Kuroko no Basket hanya milik Fujimaki Tadatoshi.

Warning: Real! Akashi, OOC, typo, alur kecepetan kayaknya, DLDR!


Prologue: How It Starts, Their Stories


"Jangan berlari di koridor, Shintarou!" seru seorang wanita paruh baya pada anaknya yang baru saja meletakkan sepatunya ke dalam rak sepatu di depan pintu masuk. Anak itu –Shintarou, Midorima Shintarou—yang baru saja melompat dan bersiap untuk berlari ke ruang tengah langsung mengurungkan niatnya.

"Baik, Bu." Dengan tenang tapi tergesa, Shintarou berjalan menyusuri koridor apartemennya yang menyambungkan ruang tengah dan pintu masuk.

Ibu Shintarou yang baru berhasil melepaskan sepatu hak tinggi yang tadi dipakainya cepat-cepat menyamakan langkah dengan Shintarou. Dua plastik putih besar berisi belanjaan ia bawa di kedua tangannya.

Ayah pasti sedang membaca koran atau menonton berita di ruang tengah sekarang, pikir Shintarou. Anak berumur tiga tahun tersebut benar-benar tak sabar ingin segera bertemu ayahnya dan saling bertukar cerita dengannya.

Ayah Shintarou seorang dokter ternama. Jadi tentu saja ia tak punya banyak waktu untuk dihabiskan bersama putra semata wayangnya. Meski akhir-akhir ini Shintarou merasa ada yang aneh dengan sikap kedua orangtuanya.

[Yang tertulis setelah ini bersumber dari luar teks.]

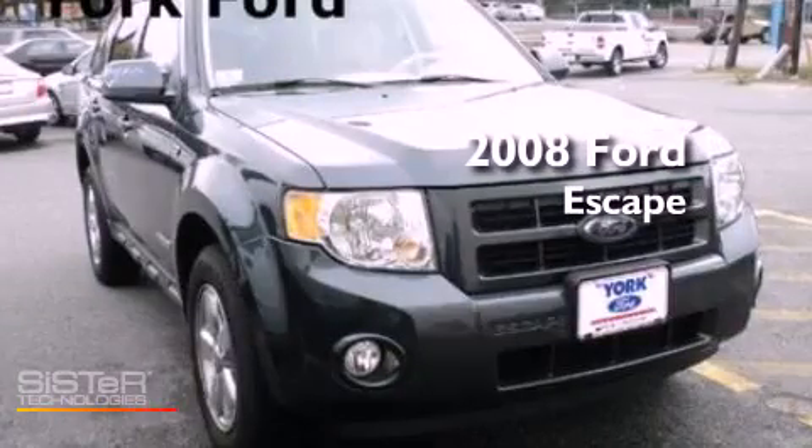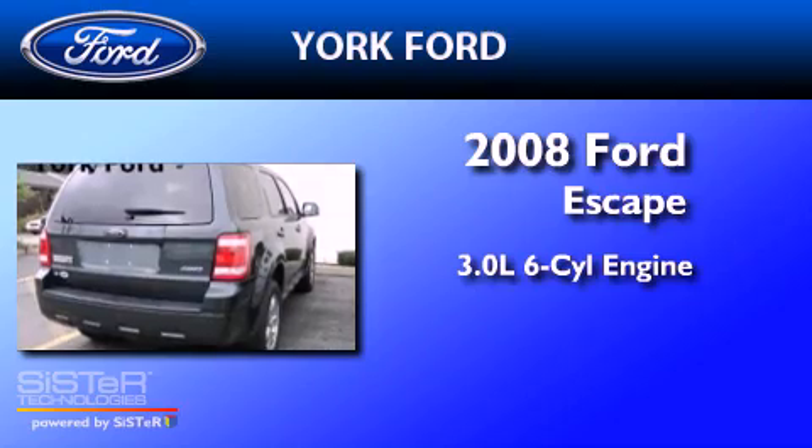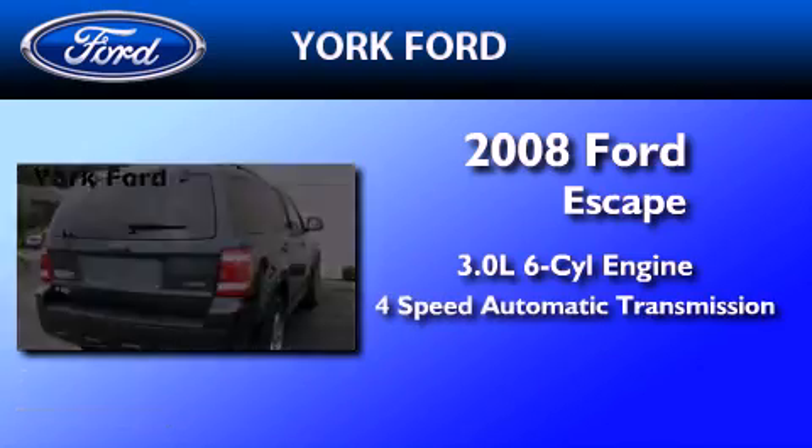This is a 2008 Ford Escape. It has a 3.0-liter six-cylinder engine, a four-speed automatic transmission, and four-wheel drive.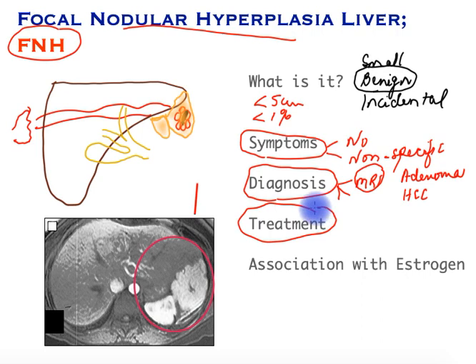So what is the treatment of this condition? Once we have demonstrated without a shadow of a doubt on the scans that this is an FNH, no treatment and no surveillance is required. Very rarely, if it is of a large enough size and causing symptoms, surgery may be contemplated to remove it. In some cases, interruption of the blood supply by inserting catheters along the artery to the FNH may shrink it as well.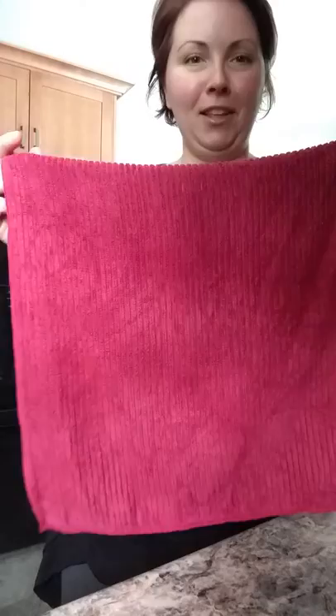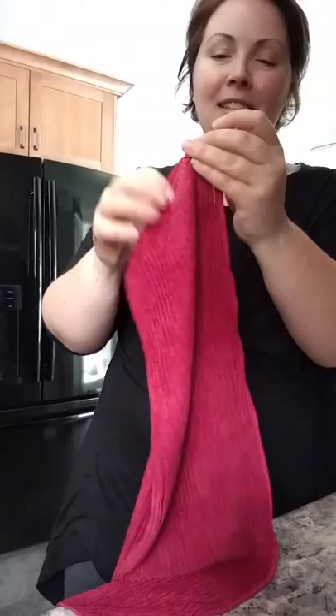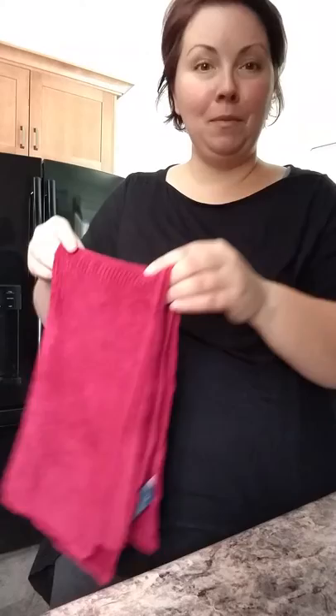So what the Norwex microfiber does is — because of the patented BacLock technology with the silver — I'm going to hang this cloth up and within 24 hours it will be completely self-sanitized, which means I don't have to wash this as often. That's really nice for me as a busy work-at-home mom to be able to safely clean my kitchen and not have to do laundry as often. It's a double win.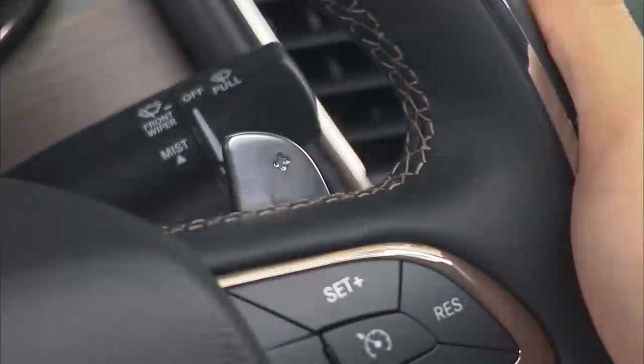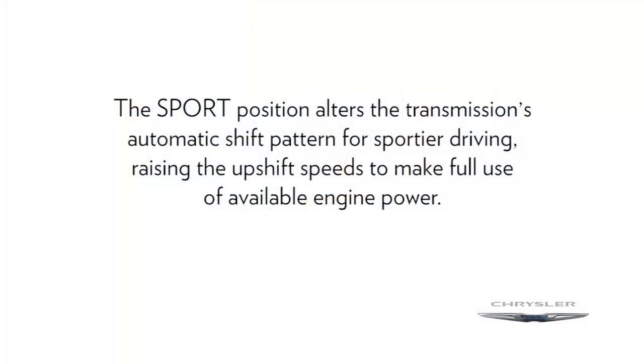drive, and sport shift positions, and includes manual shift paddles located on the steering wheel. The sport position alters the transmission's automatic shift pattern for sportier driving, raising the upshift speeds to make full use of available engine power.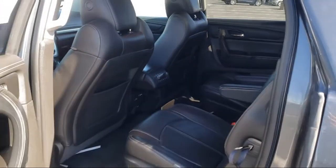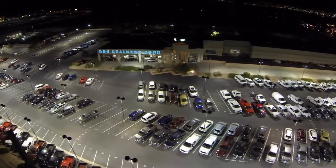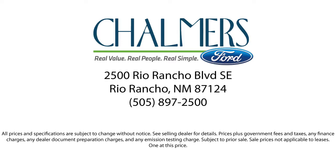Our shoppers feel at ease, worry-free, and extra satisfied with their purchase from us, so come in today and schedule a test drive. We're located at 2500 Rio Rancho Boulevard.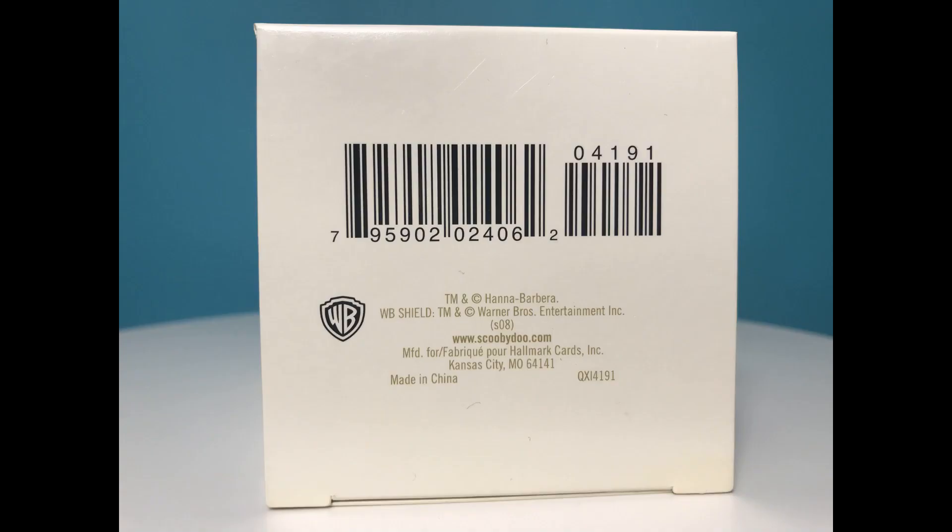The ornament was made in China. That's it for this closer look at the Reindeer in Disguise ornament. Be sure to check out my other closer look videos, subscribe to my channel, and check out ScoobyMuseum.com.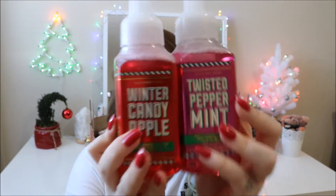I also got the Twisted Peppermint — you can probably guess what this smells like: a candy cane. It smells super good and I think the packaging is so cute. I love the words on them.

Mereka sering terdengar membicarakan sesuatu saat mereka mengira Shintarou sedang tak ada di sana. Sesuatu tentang 'dokter' dan 'mal praktek' dan lain sebagainya yang tak dimengerti Shintarou yang baru berusia tiga tahun.

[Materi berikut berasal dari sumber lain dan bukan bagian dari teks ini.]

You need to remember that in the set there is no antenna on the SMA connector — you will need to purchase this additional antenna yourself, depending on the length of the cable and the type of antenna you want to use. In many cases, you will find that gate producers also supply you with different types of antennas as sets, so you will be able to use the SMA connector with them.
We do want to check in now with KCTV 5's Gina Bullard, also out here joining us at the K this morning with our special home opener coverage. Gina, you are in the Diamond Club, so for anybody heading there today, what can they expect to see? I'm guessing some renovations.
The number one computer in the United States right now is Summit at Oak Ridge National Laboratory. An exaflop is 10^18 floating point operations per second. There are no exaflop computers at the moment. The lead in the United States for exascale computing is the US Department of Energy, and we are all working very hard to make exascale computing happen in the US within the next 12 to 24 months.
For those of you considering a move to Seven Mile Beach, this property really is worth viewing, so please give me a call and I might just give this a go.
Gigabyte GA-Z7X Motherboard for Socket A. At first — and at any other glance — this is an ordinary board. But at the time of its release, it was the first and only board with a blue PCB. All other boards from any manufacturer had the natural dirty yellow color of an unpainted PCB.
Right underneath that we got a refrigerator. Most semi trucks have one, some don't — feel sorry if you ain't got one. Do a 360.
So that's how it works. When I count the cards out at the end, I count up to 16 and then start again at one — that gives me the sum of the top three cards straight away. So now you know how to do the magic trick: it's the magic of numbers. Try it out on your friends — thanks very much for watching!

Kaki kecil Shintarou yang berbalutkan kaus kaki putih selutut itu terhenti begitu ia sampai di ruang tengah rumahnya yang hanya disinari cahaya yang menyusup dari luar. Tanpa ia sadari ia sudah menahan napasnya.

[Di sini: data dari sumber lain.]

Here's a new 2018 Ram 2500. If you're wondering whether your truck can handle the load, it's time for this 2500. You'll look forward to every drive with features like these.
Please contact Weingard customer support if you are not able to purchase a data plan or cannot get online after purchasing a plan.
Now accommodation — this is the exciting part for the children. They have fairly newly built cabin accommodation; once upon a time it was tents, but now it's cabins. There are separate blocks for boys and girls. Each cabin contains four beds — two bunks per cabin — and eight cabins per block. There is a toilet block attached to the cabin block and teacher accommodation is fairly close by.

Tidak. Ia tidak berhenti karena matanya belum terbiasa dengan absennya cahaya. Tapi ia berhenti karena melihat sosok seorang pria berjubah putih yang lehernya terhubung ke langit-langit melalui seutas tali.

Sesosok pria berkacamata dengan rambut hijau yang identik dengan rambut Shintarou.

Semuanya menjadi kabur di mata Shintarou dan semua suara seakan ditahan sehingga tak masuk ke telinganya. Ia terlalu shock untuk bisa menyadari kalau ibunya telah berteriak dan kini bahkan telah hilang akal ketika melihat jasad ayahnya tergantung di ruang tengah.

Setelah itu semuanya terasa samar-samar. Shintarou tak benar-benar ingat apa yang terjadi. Yang ia ingat adalah ibunya membawa sesuatu di kedua tangannya ke ruang tengah beserta sebuah ember, kemudian setelah menuang benda di tangannya ke dalam ember, ibunya terjatuh. Tak berapa lama setelah itu, beberapa orang yang berpakaian seperti tim medis merangsek masuk ke dalam rumahnya dan membawanya ke rumah sakit.

Shintarou membuka matanya keesokan harinya untuk menemukan langit-langit putih di atasnya dan ingatan yang samar-samar atas kejadian semalam.

"Kau Midorima Shintarou, benar? Putra dari dokter Midorima?"

Shintarou menolehkan kepalanya dan menangkap sesosok pria berambut hitam dengan mata heterokrom tengah menatapnya dari sisi ranjang tempatnya kini berbaring.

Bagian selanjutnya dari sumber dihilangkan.